Repeat the lines below exactly as they appear, but leave out the images.

#### [Supplied information]
***
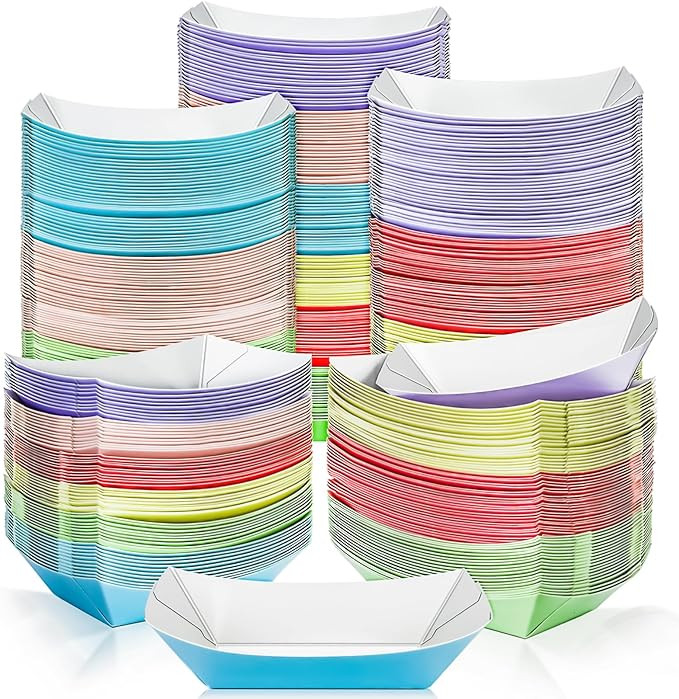 MotBach 180 Pack Colorful 1/2Lb Paper Food Boat Trays Disposable Small Paper Boats Plates Contain... | Amazon (US)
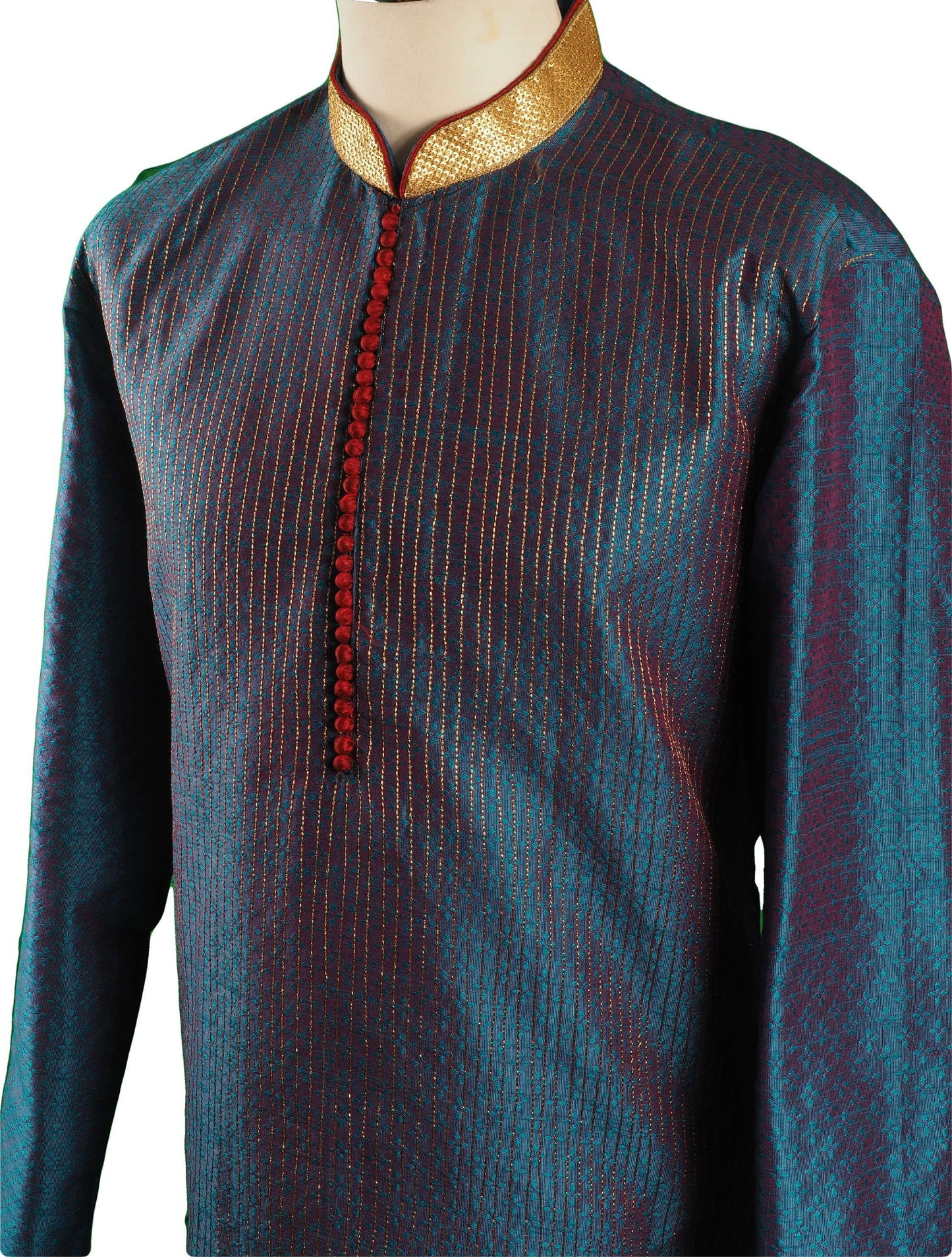 Turquoise Blue Mens Indian Kurta set for weddings and Bollywood Party ( incl Draw stringed trousers) - Getz VT0218 - Prachy Creations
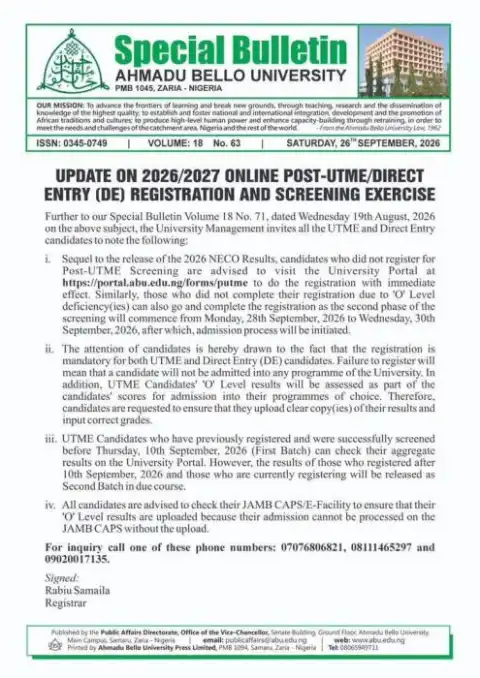 ABU update on Post-UTME screening exercise, 2026/2027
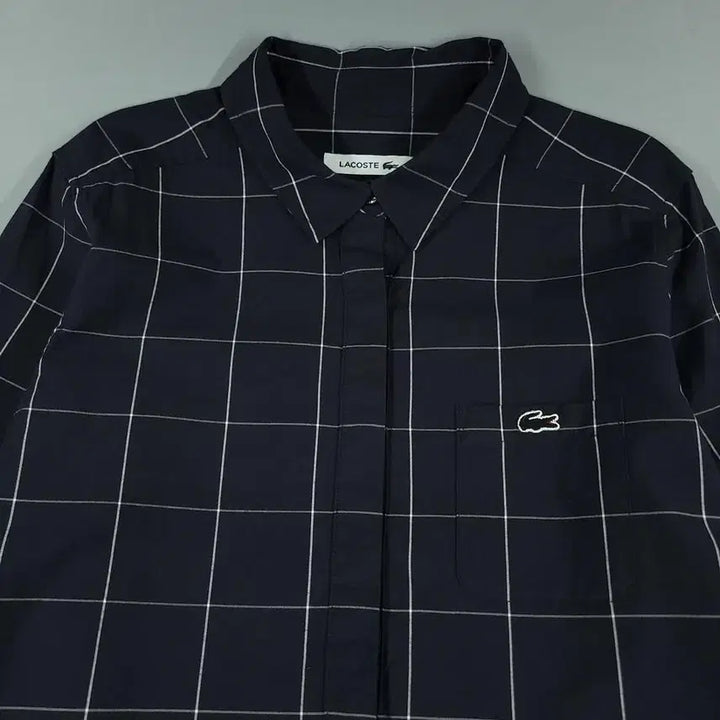 [BUNJANG] Lacoste Check Pattern Dress / 라코스테 블랙 화이트 배색 그리드 윈도우 체크패턴 톤톤 크록로고 체스트포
***
#### [Task response]
 MotBach 180 Pack Colorful 1/2Lb Paper Food Boat Trays Disposable Small Paper Boats Plates Contain... | Amazon (US)
 Turquoise Blue Mens Indian Kurta set for weddings and Bollywood Party ( incl Draw stringed trousers) - Getz VT0218 - Prachy Creations
 ABU update on Post-UTME screening exercise, 2026/2027
 [BUNJANG] Lacoste Check Pattern Dress / 라코스테 블랙 화이트 배색 그리드 윈도우 체크패턴 톤톤 크록로고 체스트포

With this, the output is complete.